● YOUR INSTRUCTIONS: Type out the listing below exactly. Pictures stay out of it.

::: SUPPLIED DATA :::

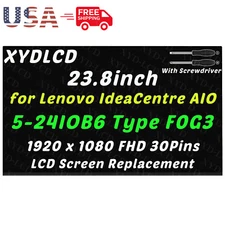 23.8" for Lenovo IdeaCentre AIO 5-24IOB6 F0G3 Borderless LCD Screen Replacement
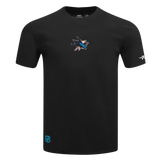 Pro Standard NHL Classic Icon Pro Drop Shoulder Tee San Jose Sharks Black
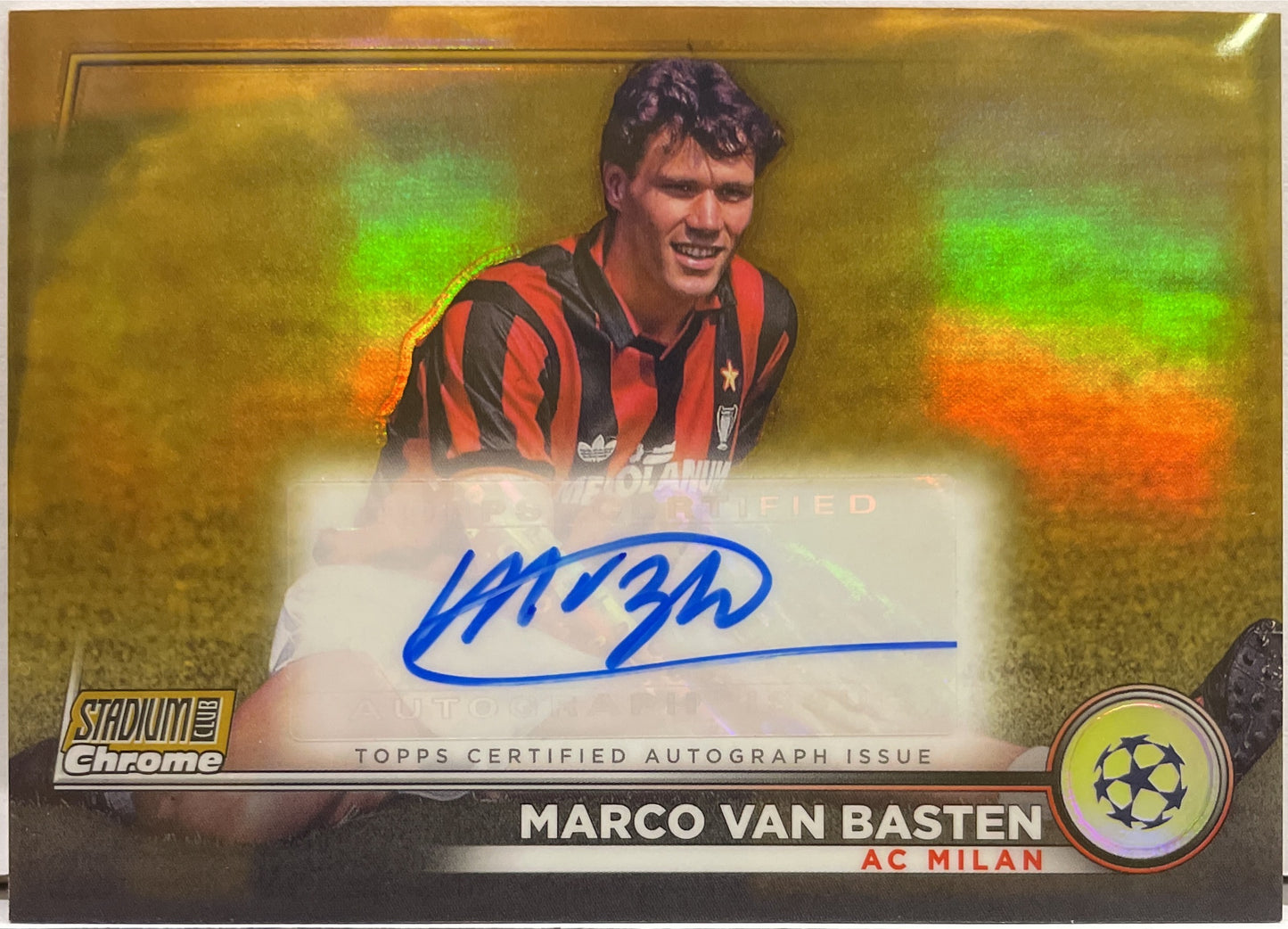 Marco Van Basten 1/50 Autograph Gold Topps Stadium Chrome 2022/23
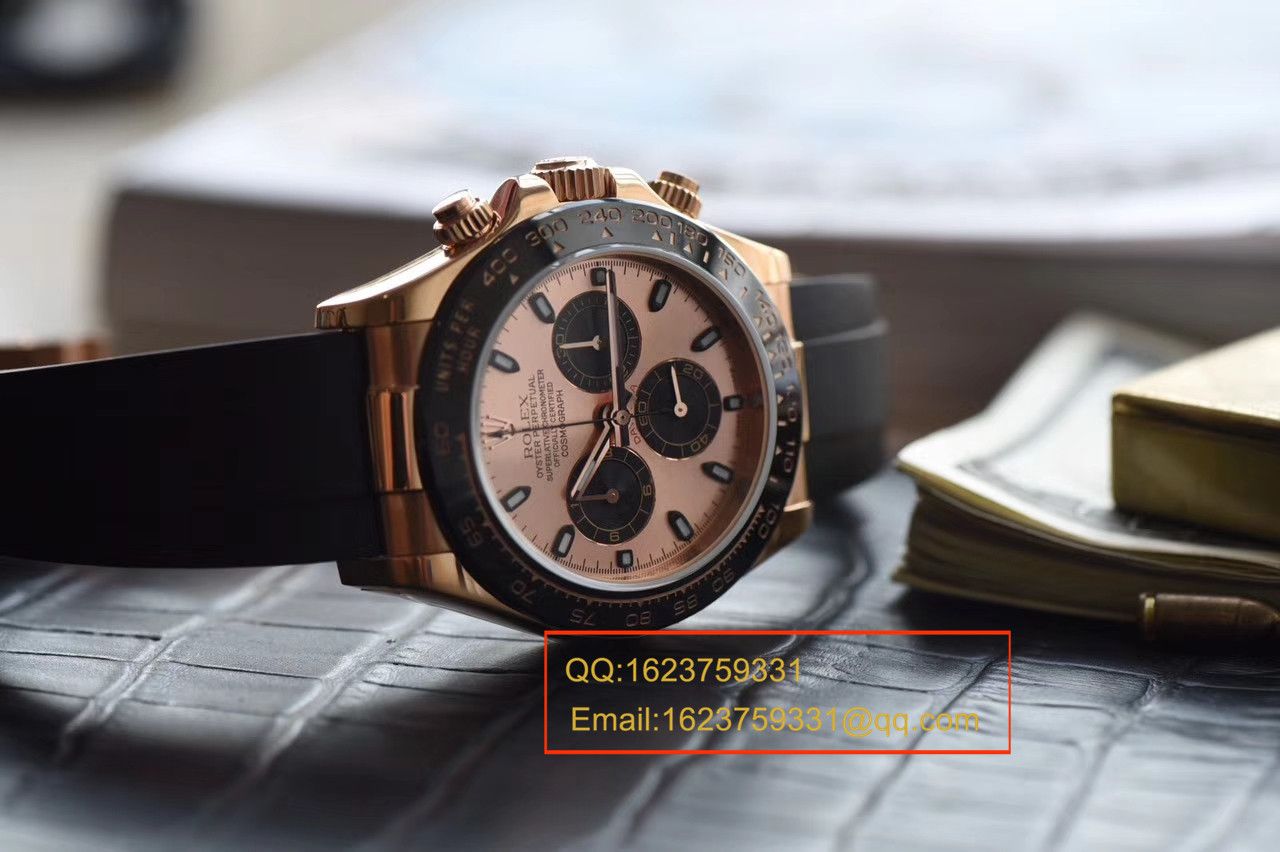 【独家视频测评JF厂1:1顶级复刻手表】劳力士宇宙计型迪通拿系列116515LN粉盘腕表 / RBC149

:::

● SOLUTION FOR THIS PROBLEM:
 23.8" for Lenovo IdeaCentre AIO 5-24IOB6 F0G3 Borderless LCD Screen Replacement
 Pro Standard NHL Classic Icon Pro Drop Shoulder Tee San Jose Sharks Black
 Marco Van Basten 1/50 Autograph Gold Topps Stadium Chrome 2022/23
 【独家视频测评JF厂1:1顶级复刻手表】劳力士宇宙计型迪通拿系列116515LN粉盘腕表 / RBC149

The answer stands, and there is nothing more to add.